Well, this article is depressing as all hell. I don't think it's meant entirely seriously -- Maureen Dowd cares more about being provocative than she does about being right -- but the statistics she cites in the "Power Dynamics" section are enough to make any thinking woman gag (particularly since for every 16 extra I.Q. points we use to think about the statistics, we're becoming 40 percent less likely to get married). I don't have any idea what to do about that.

But I do know that the feminist movement was not designed to limit women's choices by telling us that we have to keep our maiden names or always wear flat shoes or go to law school and then make partner. Rather, it was designed to open those choices up so that they were as wide and varied and full as men's, so our lives could be as wide and varied and full as men's. We feminists sometimes condemn more traditional female roles (as Dowd implicitly does in this article) because it's hard to see a woman choose not to take those hard-won freedoms; but choice, possibility, is really what feminism is all about. No more, no less.

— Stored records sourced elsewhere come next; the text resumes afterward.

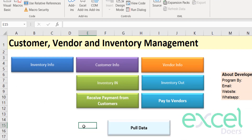If you want to have this inventory management system, please check the description and download your copy. If you have not subscribed to this channel, please subscribe now and share with others. Thank you so much.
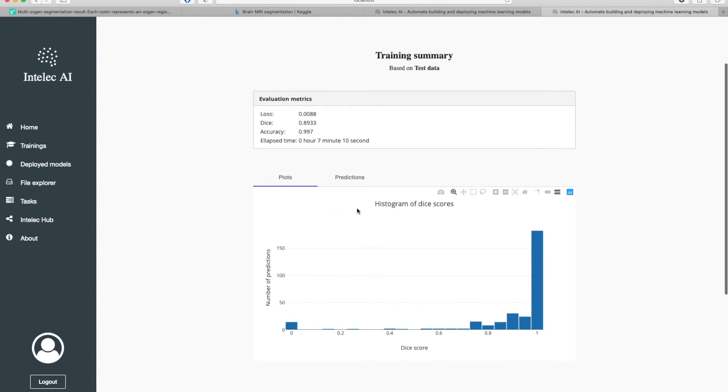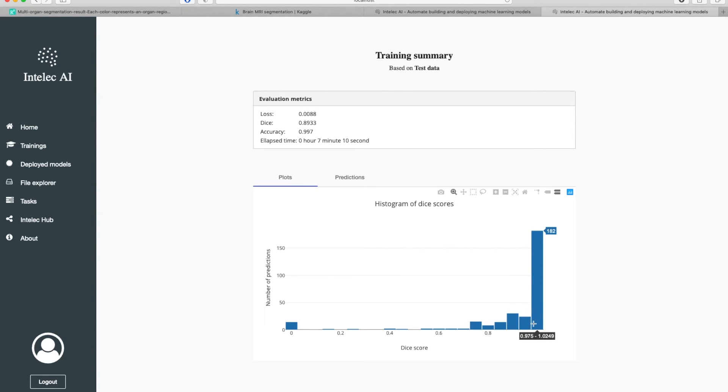This is the histogram of dice scores. We see that for most of the images, the dice score was either close to one or one.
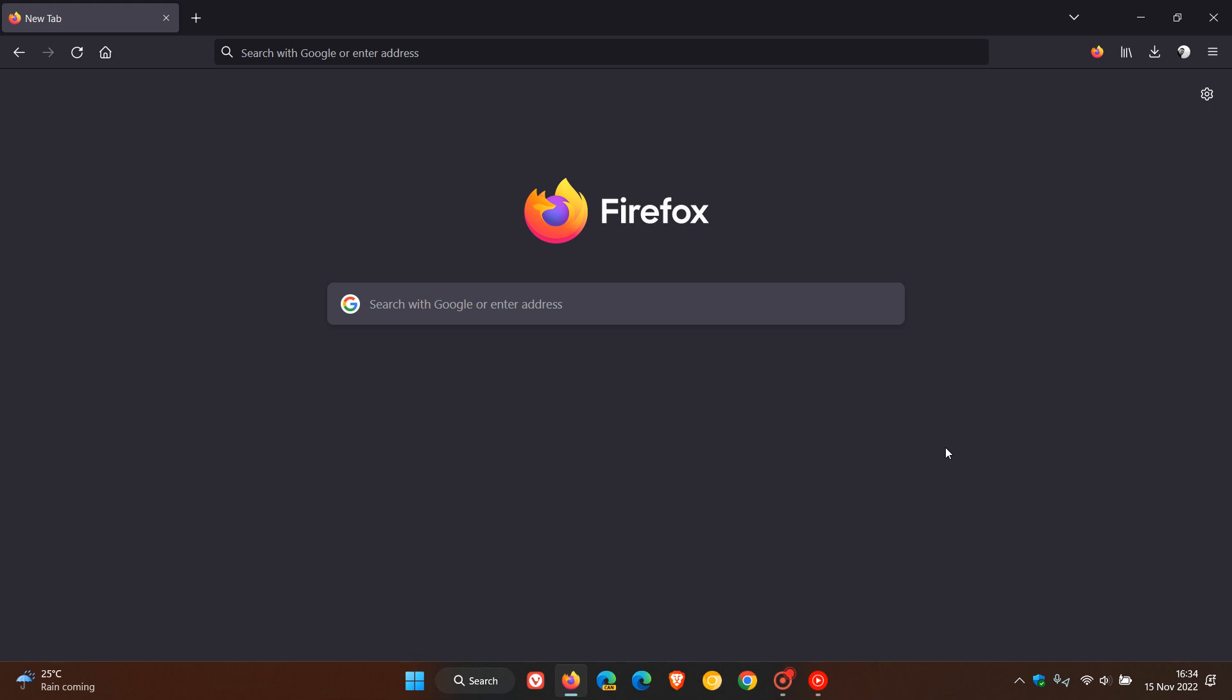Brent Tech here where tech is made simple. So we have a brand new version of the Mozilla Firefox web browser for desktop version 107 which is now the latest stable release and this latest update started rolling out just a short while ago today on the 15th of November 2022.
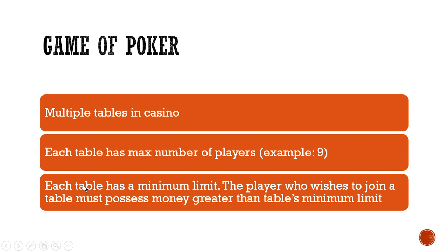And the most important rule, the table has a minimum limit. That is, the player who wishes to join the table must possess money which is greater than table's minimum limit.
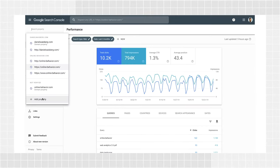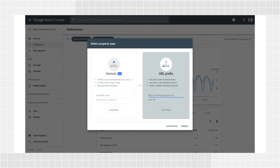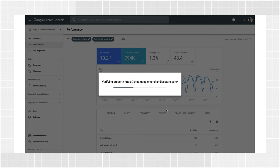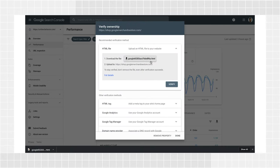After you click Add Property, add your website URL under the URL Prefix option and click Continue. Expand the HTML file section where you'll find the File Download button.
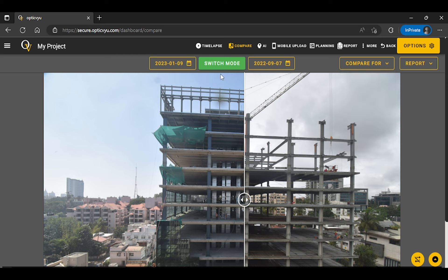The comparison tool allows users to compare the images either in slider view or split view.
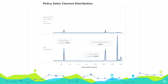The policy sales channel is an anonymized code, so we don't know the exact meaning of it, but there are some outstanding spots like channel 26, channel 124, and channel 152. In channels 26 and 124, more customers are willing to buy auto insurance, whereas in channel 152, the efficiency appears to be very low.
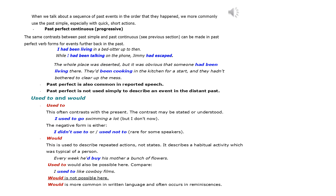Used to and would. Used to often contrasts with the present; the contrast may be stated or understood: I used to go swimming a lot, but I don't now. The negative form is either I didn't use to or used not to (rare for some speakers). Would is used to describe repeated actions, not states — a habitual activity typical of a person: every week he'd buy his mother a bunch of flowers (used to would also be possible here). Compare: I used to like cowboy films — would is not possible here. Would is more common in written language and often occurs in reminiscences.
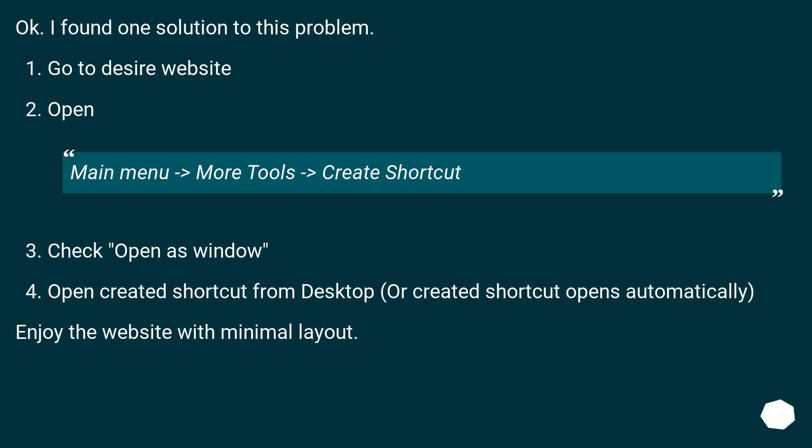Check 'Open as window'. Open the created shortcut from desktop, or the created shortcut opens automatically. Enjoy the website with minimal layout.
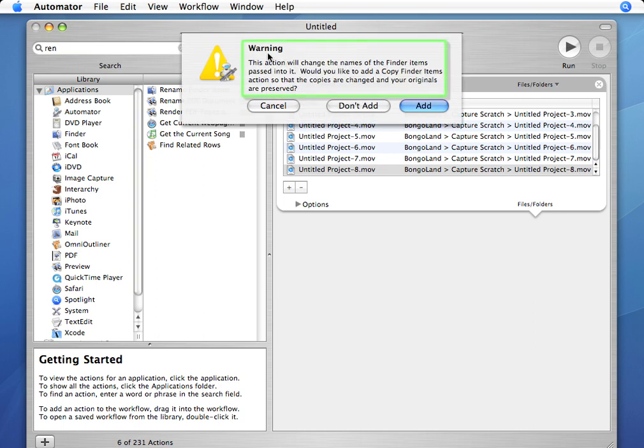Now I get this annoying warning, do you want to add a Copy Finder Items action. I'm going to say Don't Add.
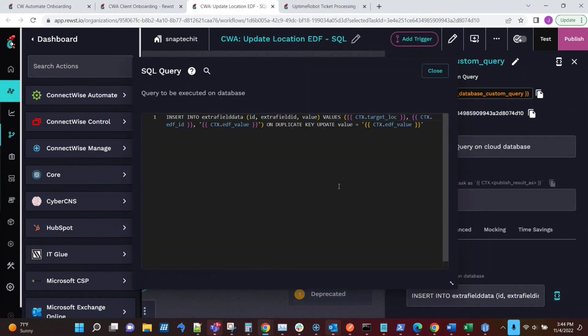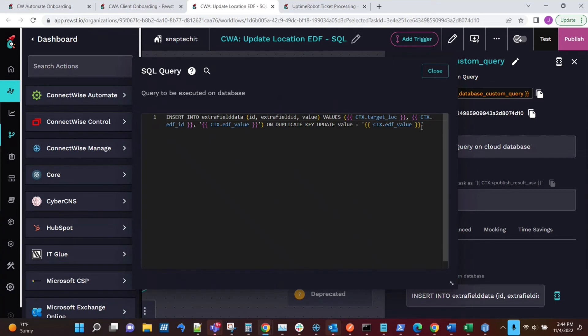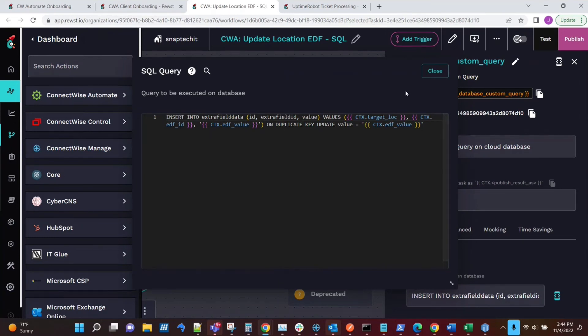So we're basically using just a simple SQL query here where we're dumping in the target location that we're going to modify, specify the target EDF ID, and then what the value should be. So we're inserting those into that table, and if they happen to have values already, then at that point we just update with whatever the value is that we're assigning for this. So this is kind of the first part of the process, which is the base level configuration.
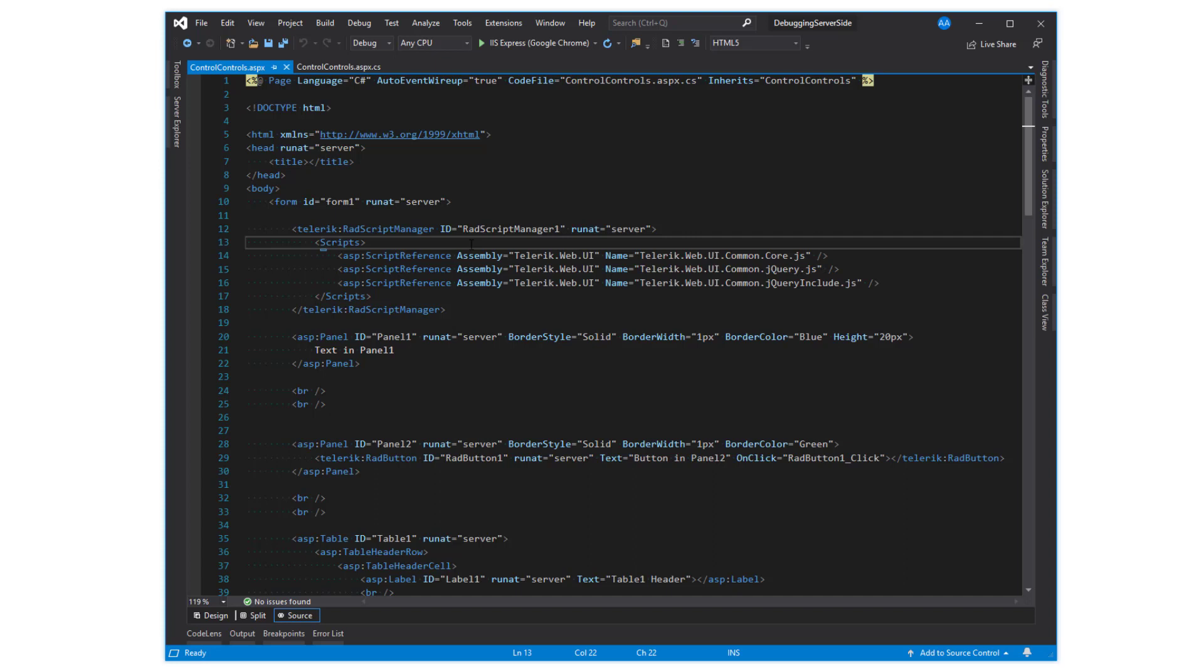As opposed to control.parent and control.naming container which allows you to traverse up the control tree, the control.controls property allows you to traverse down. This property is a controls collection returning the immediate child controls.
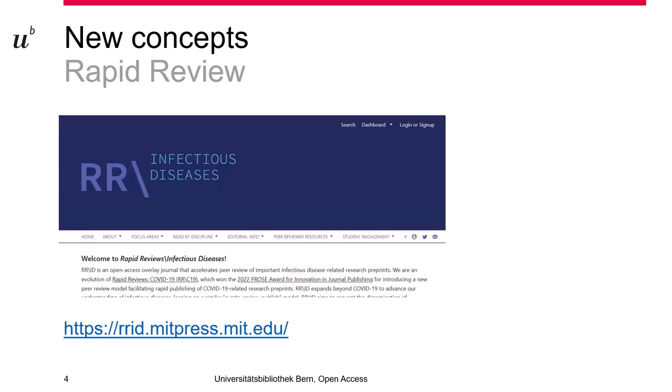A very interesting and quite unique project is Rapid Review of Infectious Diseases. In this research field, obviously, preprints are important — new findings about infectious diseases. Time matters not only for authors, as we saw in the COVID pandemic: important articles have been blocked in the production process of big medical journals and precious time was lost. Rapid Review is an answer.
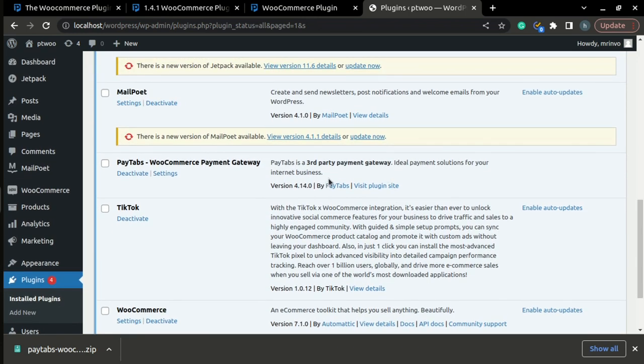In the next part, we will learn how to upgrade the Paytabs WooCommerce plugin. Thank you for watching.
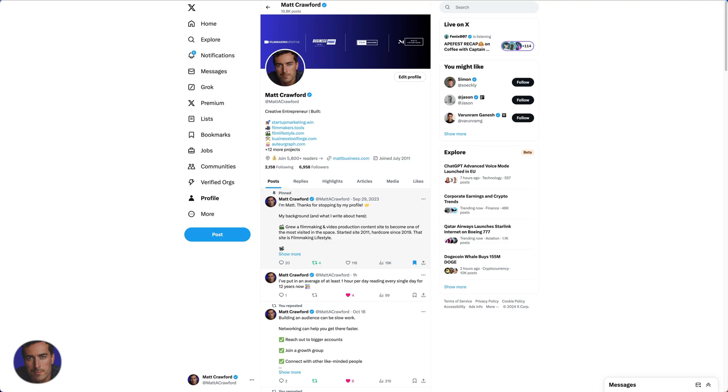Hi, this is Matt Crawford and this is a video on how to mute words in X, formerly Twitter.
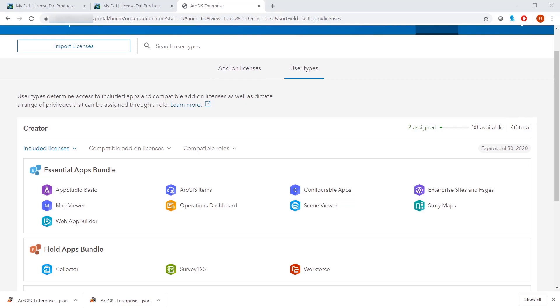If you found this video helpful, don't forget to like this video and feel free to leave any comments or suggestions below. Lastly, if you would like to see more Esri Canada demos, you can subscribe to our channel using the subscribe button below the video.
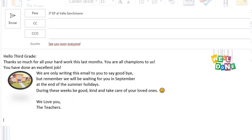Here is our example. Para: Tercero, Educación Primaria, El Valle San Chinarro. Asunto: See you soon, everyone. Hello, third grade. Thanks so much for all your hard work these last months. You are all champions to us. You have done an excellent job. We are only writing this mail to you to say goodbye. Remember, we will be waiting for you in September at the end of the summer holidays. During these weeks, be good, kind and take care of your loved ones. We love you, the teachers.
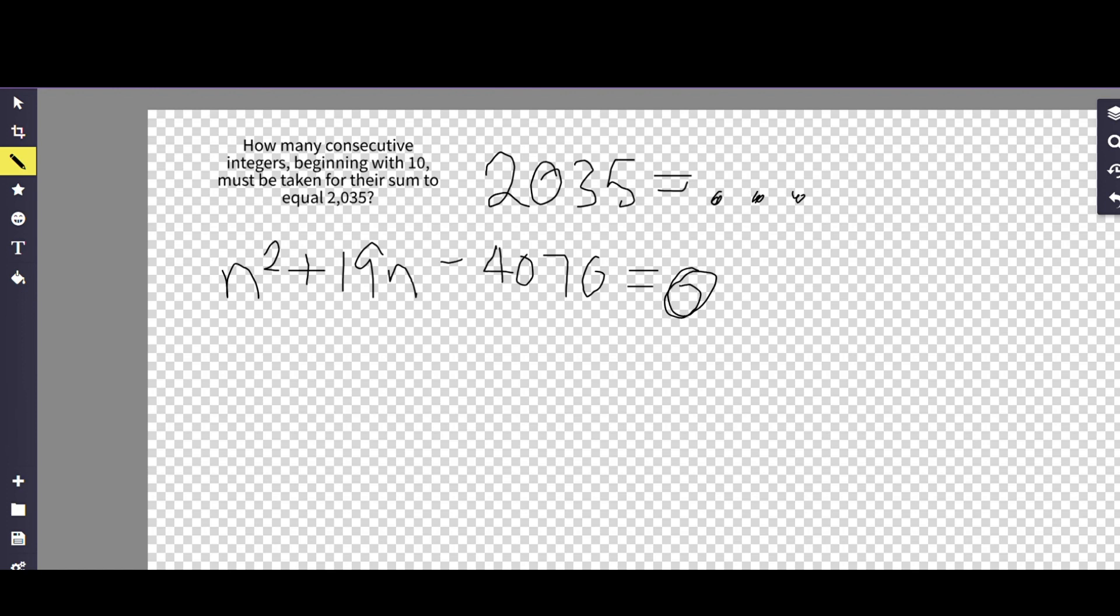A good tip or trick is to take that half and multiply by 2 on one side to get rid of it and put it over by the 2035. And so next we're going to complete the square. So now we've got n squared.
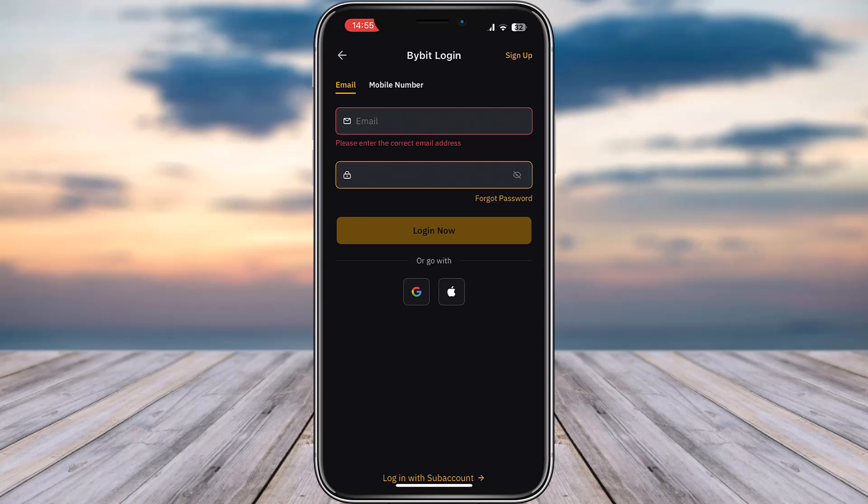That is how you can reset your Bybit password. Hope this video was helpful to you all. Thank you so much for watching, and I'll see you guys in the next video.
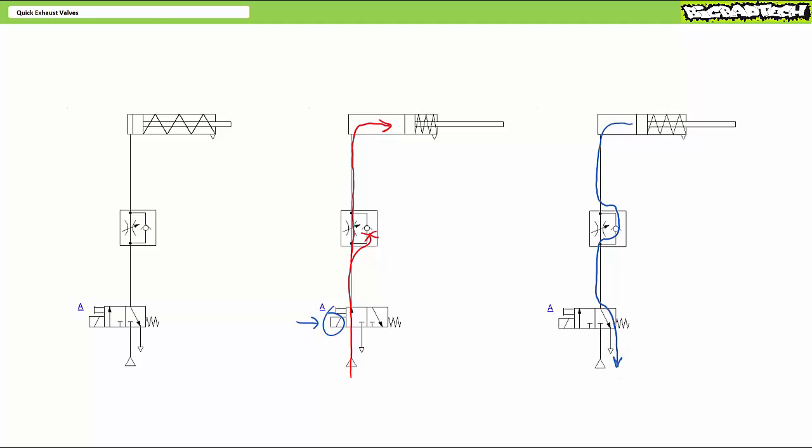After all, it's air and pneumatic systems have no need for a return reservoir as do hydraulics. Air, at least at the time of this recording, is cheap and plentiful. You can always get more.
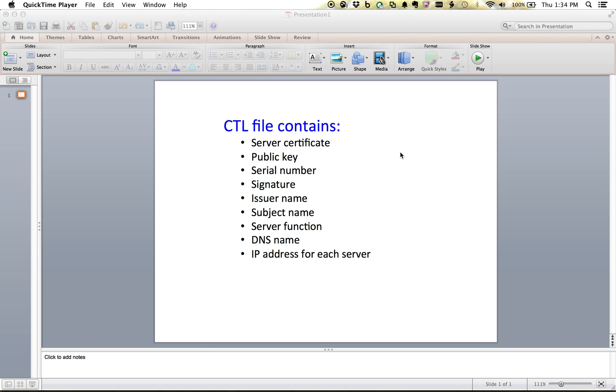A CTL file has some things in it that pertain to your Communication Manager server, your TFTP server where the phone goes to register and get its information from. It has service certificates on it, DNS name, IP address for each server.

So here is what I think we Modern Girls should do:

  1. Know what will make us happy. For some women it's a husband and family. For some women it's job satisfaction. For some women it's sexual liberation. For some women it's a Prada dress. For some women it's intellectual work. For some women it's a clean house. For some women it's a really good book. For some women it's religious service. For most of us it is all of the above, or several of the above, or some of the above plus a bunch of things I've left off.
  2. Go after that. Or as much of that as we can.
  3. Let go of the need to have all of it. We probably cannot have it all perfectly, but we can have a lot of it badly, and if it makes us happy, that' s more than good enough.
  4. Recognize that every woman has the right to make different choices, just as every man does.
  5. Support each other. Or at least, if we can't say anything nice, don't say anything at all.
  6. Wear the clothes and makeup that please us and suit whatever situation we find ourselves in. Sometimes this will involve dressing to look sexy, because that is a perfectly acceptable thing to want to do and to do. I quote Bootsy Collins: "You have to bring some funk to get some funk." But sometimes this will involve sweatpants. Both have their time and place.
  7. Use birth control.
  8. Protest the Samuel Alito nomination. However one feels about abortion (and my own opinion varies wildly), it is a personal question, not one for the Supreme Court to decide. And the moment he gets confirmed, it's decided.
  9. Take care of ourselves. Physically: Sleep. Eat right and exercise, with occasional dark chocolate. Emotionally: Communicate. Rest. Spiritually, if so inclined: Be quiet. Pray. Mentally: Read Jane Austen as well as Us Weekly.
  10. Love deeply -- our friends, our boyfriends, our parents, our husbands, our lovers, our siblings, our children, our work, our communities, our activities, our pets, even our things -- and value all the love in our lives, not just the kind we get from men. I get frustrated sometimes when I read a novel and a character decides that his or her career success really doesn't matter because s/he doesn't have anyone to share it with (particularly when this is the big personal epiphany leading to the romantic climax) -- privileging romantic love over every other kind of love that exists. God knows romantic love may be the most dizzying and dramatic and intoxicating love there is, and the most satisfactory when it's reciprocated and fulfilled; but it is likewise the least predictable and the least controllable, and often the hardest to find. So let us love our friends (particularly our girlfriends), who will be there in every circumstance; our work, especially if it offers the pleasures of service or accomplishment or creation; our families and homes; our lives, with or without romance. The loving, the emotion, is what gives meaning.
  11. Feel free to disagree with me -- and make our own rules.

4 comments:

  1. hrm.. You should check out the Maureen Dowd interview in New York Magazine. I believe that is online at www.nymetro.com or something.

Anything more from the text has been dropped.